All week long I look for . . . 

IMG_1751

And then on Fridays, I report back.

==

This week, most of us heard some good news that gave us hope: The vaccine is on the way! Sooner than we really could have hoped. And . . . bonus! . . . it looks like it will be very effective, too.

Of course, that good news . . . is tempered by the reality that it's going to take some time (actually . . . a rather significant amount of time) to get enough of us vaccinated to return our lives back to "normal" (whatever that even IS anymore). 

Still. This is Really Good News. Hope has arrived!

The trick now?
Waiting.

"Our willingness to wait reveals the value we place on what we're waiting for."
                --- Charles Stanley

The New York Times published a little "tool" yesterday to help us determine our likely "place" in the vaccine line. (Click here to use it.) You just plug in some basic demographic information about yourself, and then it will spit back some figures about your spot in line.

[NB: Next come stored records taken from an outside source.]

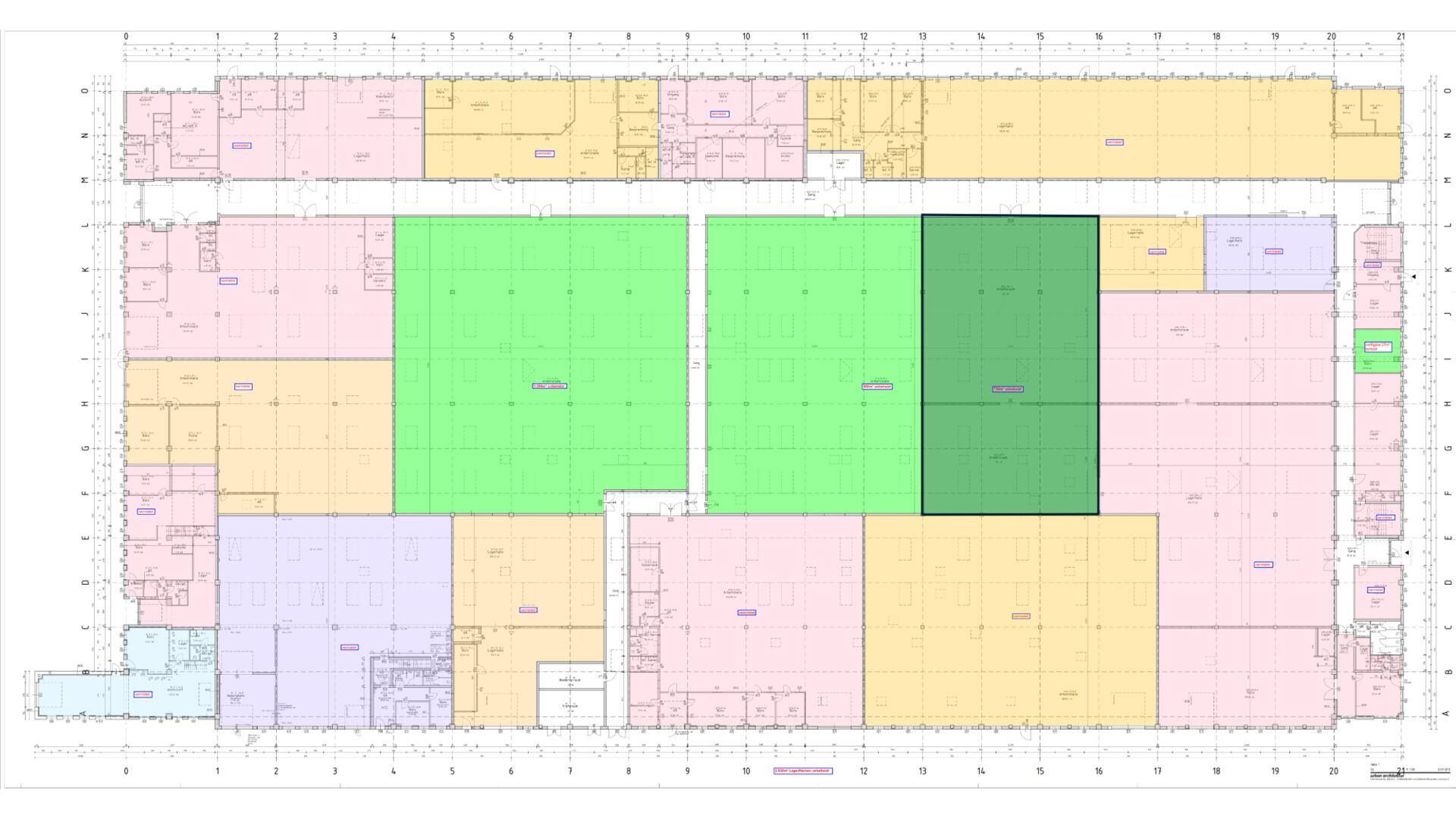 Detaillierter Grundriss einer großen Halle mit farblich markierten Bereichen und verschiedenen Räumen.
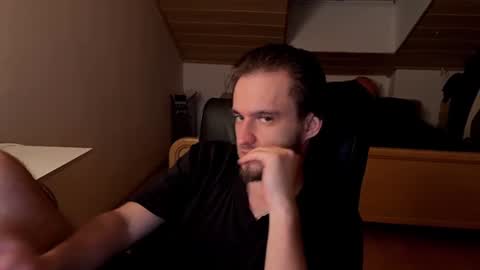 Vlad online show from 3, 7, 2026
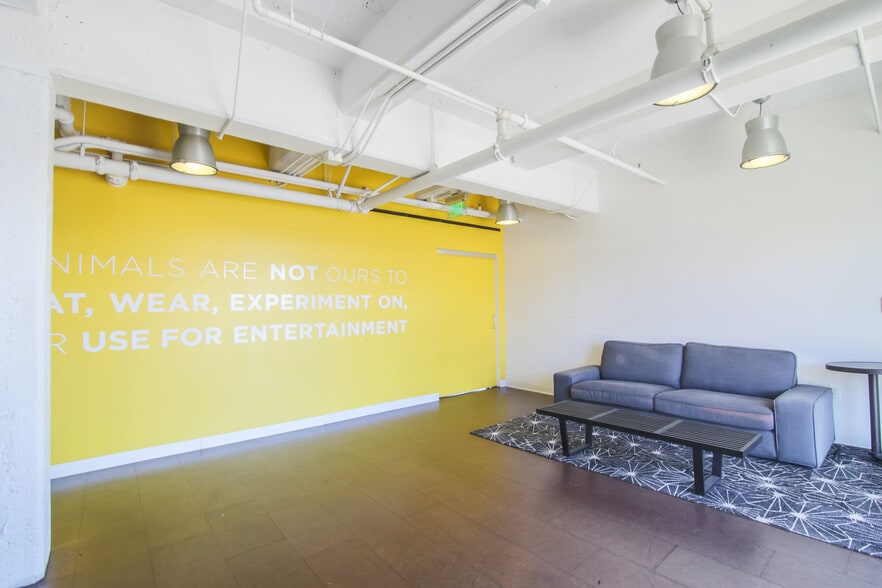 More Photos Of 2154 W Sunset Blvd, Los Angeles Loft Creative Space For Sale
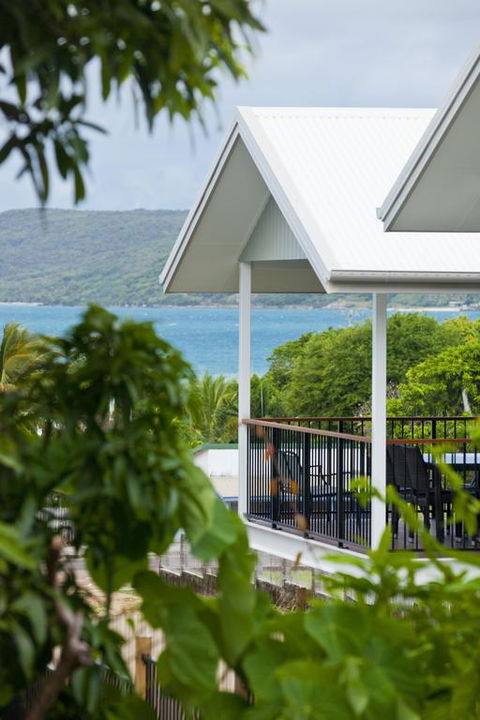 Island Villas & Apartments - Accommodation Mount Tamborine 3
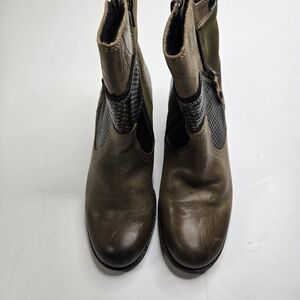 Dromedaris Olive and Brown Ankle Boots‎ with Mesh Detail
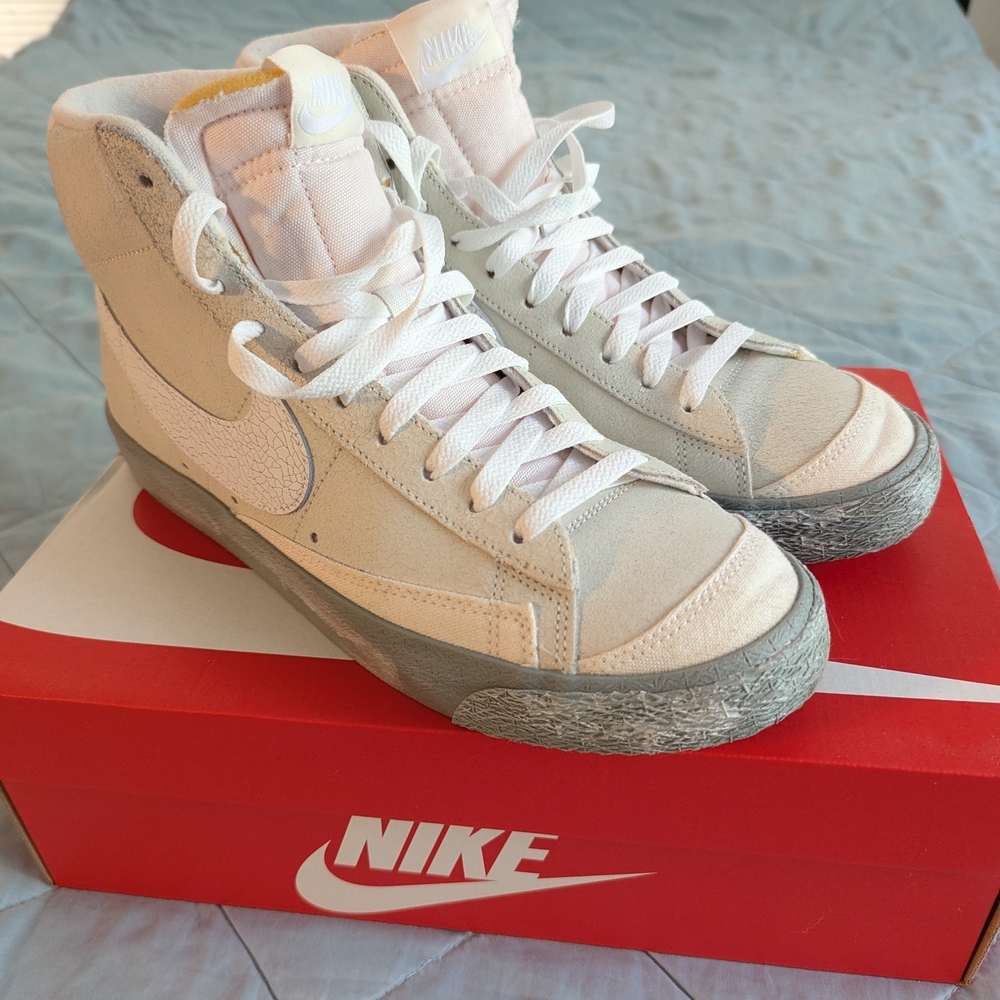 Nike Blazer Mid '77 Sneakers in White and Gray Super Clean!!
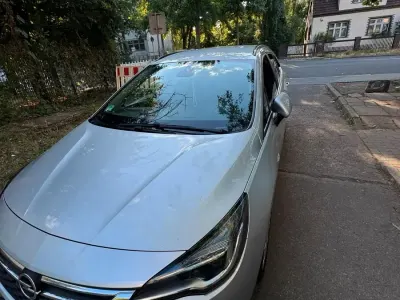 Gebraucht Opel Astra Sport 105 PS (77 kW) 2018 Silber Kombi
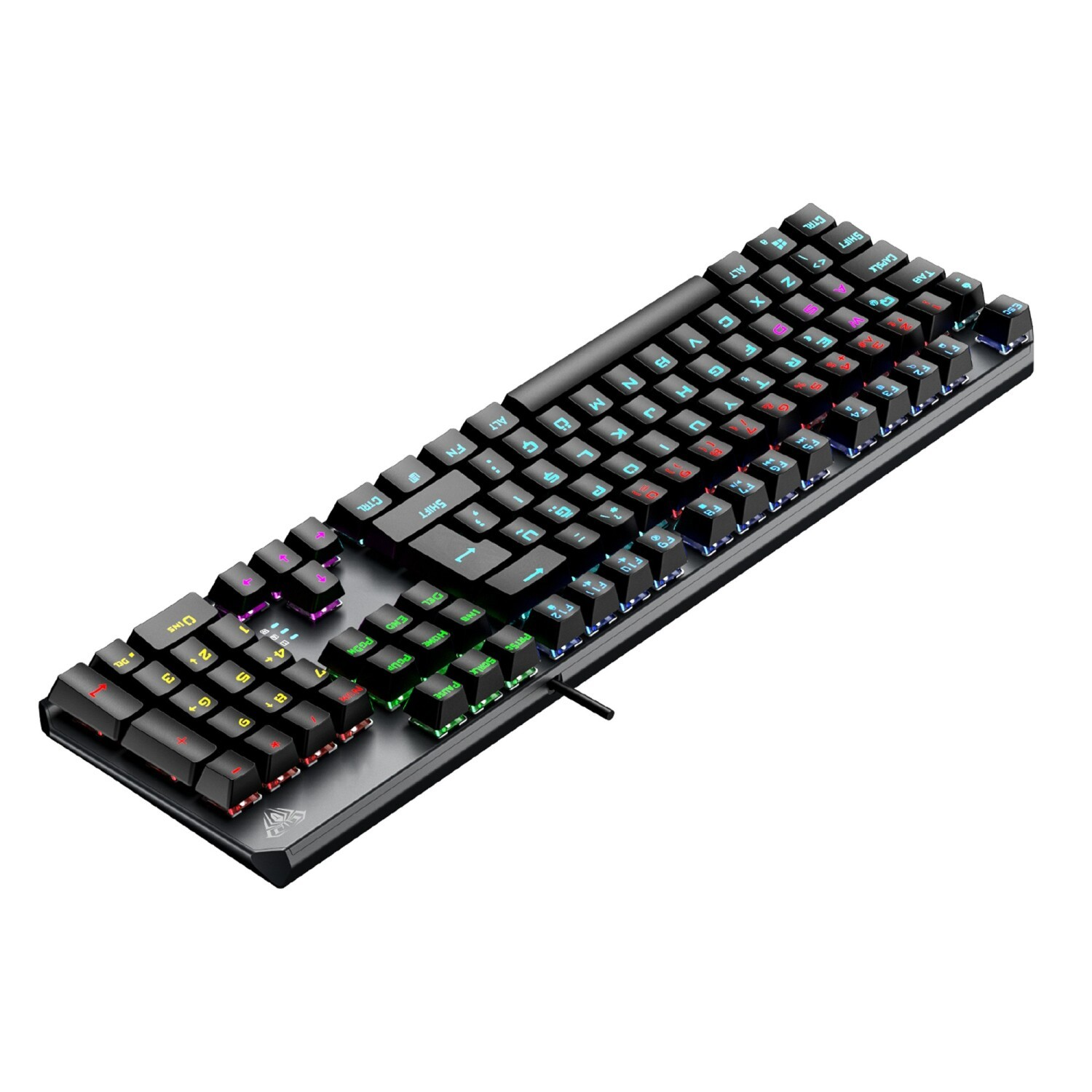 Beyaz arka planda RGB arka aydınlatmalı siyah bir oyun klavyesi.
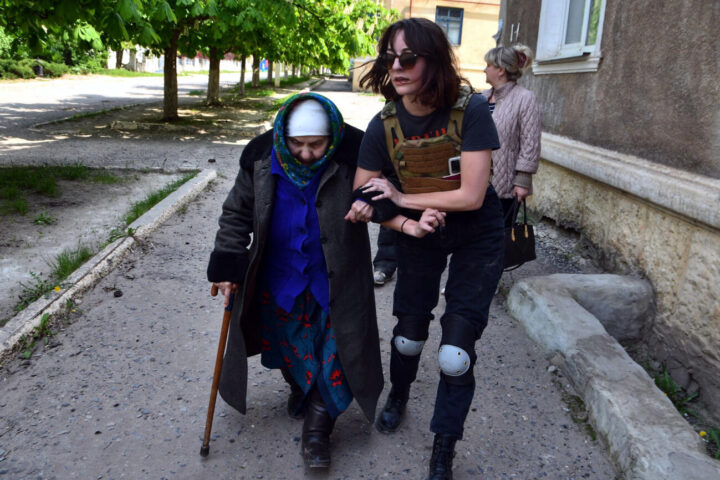 Emma Igual ajudant en les tasques d'evacuació de civils a la localitat de Siversk, el passat 9 de maig del 2022.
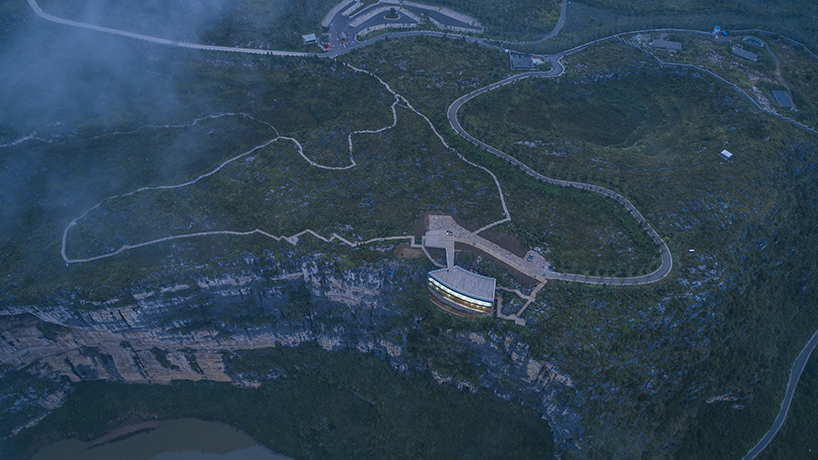 limestone gallery 3andwich design haiwei canyon designboom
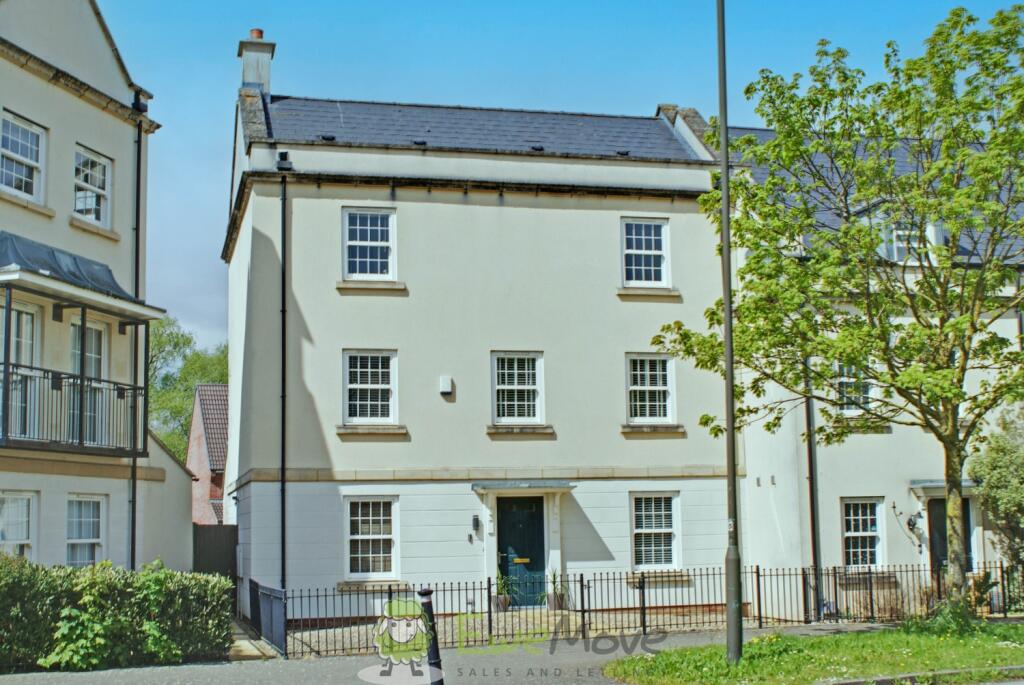 6 bedroom town house for sale in Hazel Way, Brockworth, Gloucester, GL3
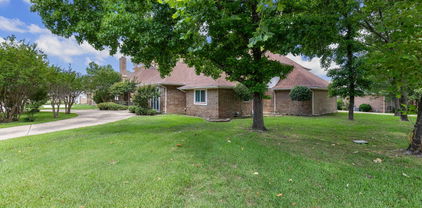 110 Owl Tree, Greenville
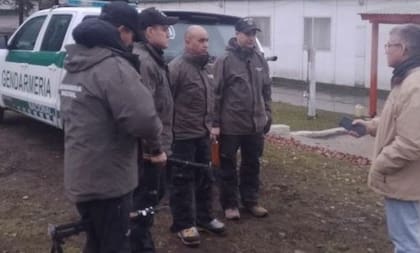 Personal de la Gendarmería Nacional coordinó el rescate del piloto que aterrizó en un lago congelado en Chubut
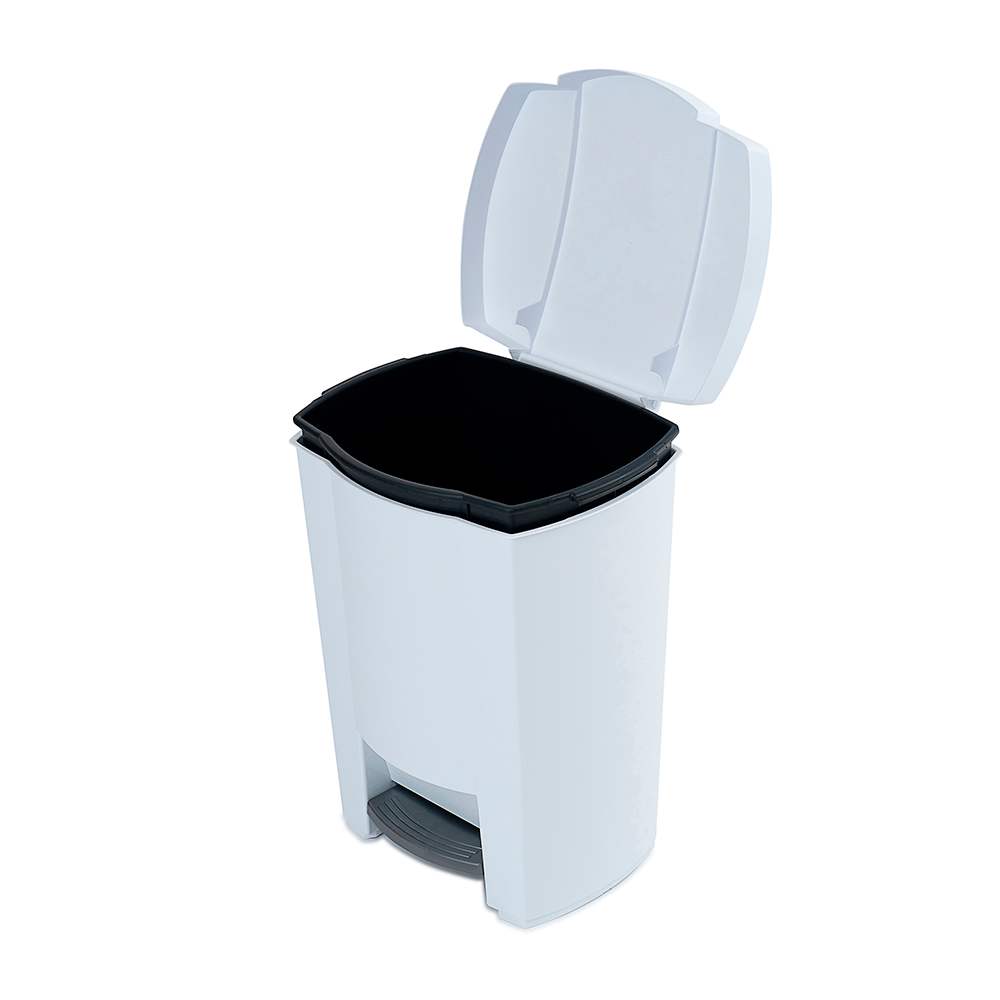 Poubelle à pédale blanche 19 L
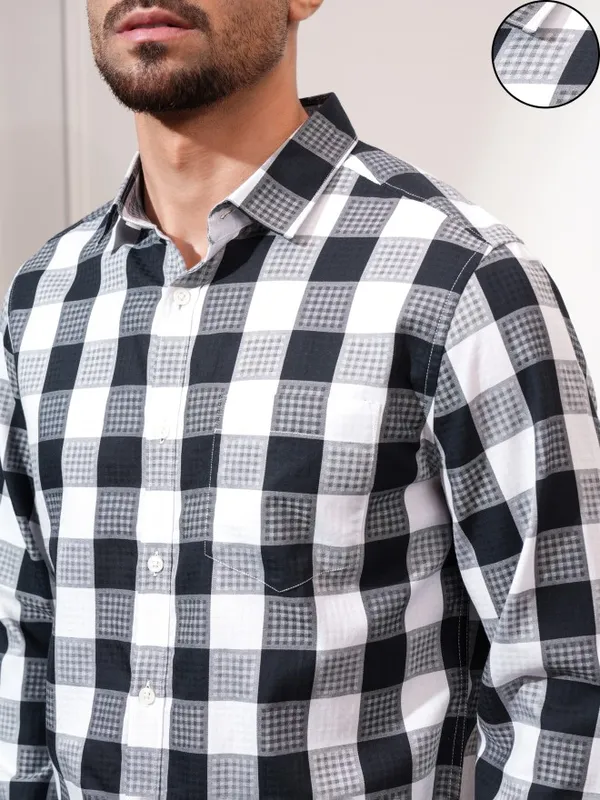 Locomotive Men Navy Blue Checked Slim Fit Casual Shirt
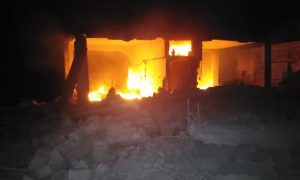 أحد المنازل التي دمرتها مجموعات اللواء الثامن في درعا - 7 تموز 2021 (تجمع أحرار حوران/ فيس بوك)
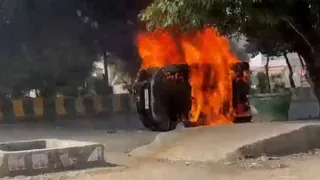 Noida Protests: Workers Clash With Police, Torch Vehicles In Violent Demonstration Over Salary Hike Demand | Watch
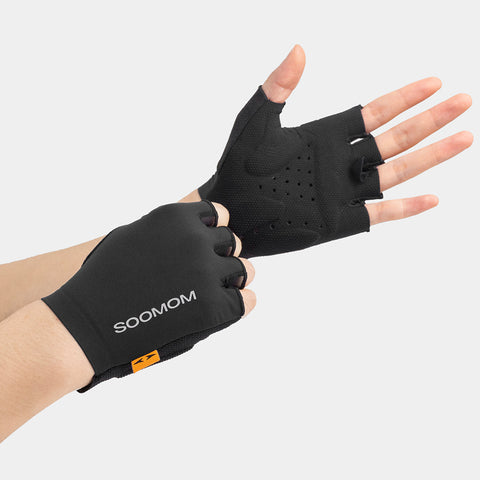 Ultra Mitt - Black SOOMOM | Cycling Apparel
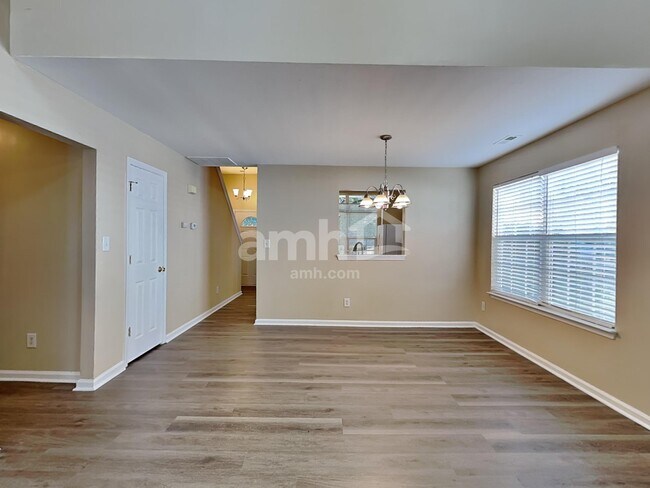 3941 Tyler Bluff Ln, Raleigh, NC 27616 - photo 5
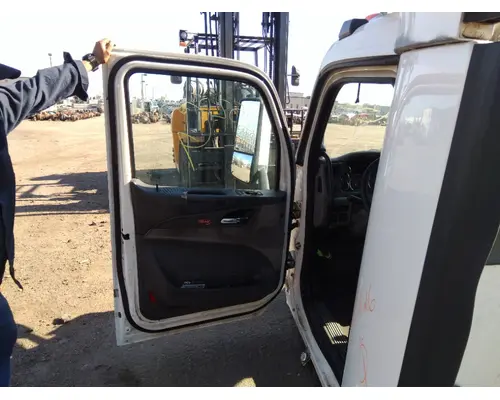 PETERBILT 579 2013-2022 DOOR ASSEMBLY, FRONT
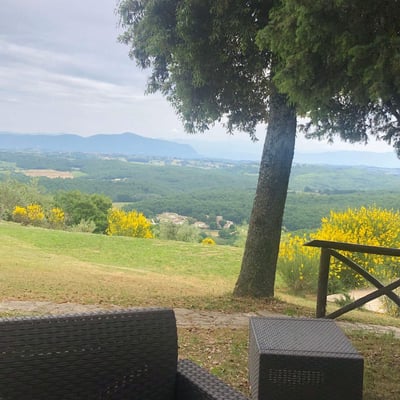 Villa Serra | Villa for 8 with Jacuzzi in secret Umbria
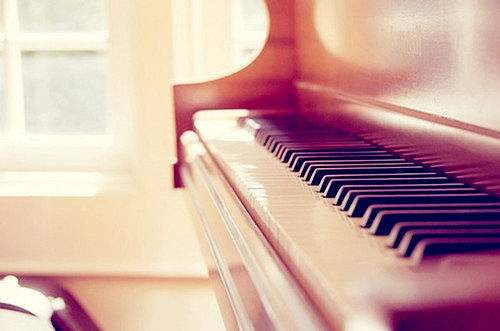 一个人弹钢琴图片唯美(一个人弹钢琴图片唯美高清)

For me, a healthy 61-year-old who isn't an essential worker . . . well. It's going to be awhile. It really IS going to be a long, cruel winter while I wait my turn. But I can take heart that my dad, a not-so-healthy almost-85-year-old who lives in an independent living apartment that is part of a large continuum-of-care facility . . . well . . . he's going to be at the front of the line. And that will relieve a lot of weight from my shoulders. He is isolated and bored -- and eager to get back to his morning "koffee-klatch," his twice-weekly poker games, and his Wii bowling league again! (Not to mention, of course, the reduced concern about a Covid outbreak in his facility.)

So.
Good news.
Hopeful news.
But let's get back to that waiting-patiently-through-the-long-cruel-winter part.
(Because for most of us? That's exactly what we're going to need to do.)

IMG_8083

We've come to . . . the hard part. We're tired. We're weary. We're Sick of This. If we hear the word "unprecendented" one more time we will scream. And now that we know the cavalry IS really coming, we want relief NOW. It's easy to feel like . . . we're in the clear now. We've got a solution. We're being rescued, see???? And, besides. . . holiday season.

But. Not yet.
We really DO need to get through this really rough patch ahead.
And, as you all know, we have to do it pretty much on our own. Because ain't nobody lookin' out for us, friends. (Or not yet, at least.)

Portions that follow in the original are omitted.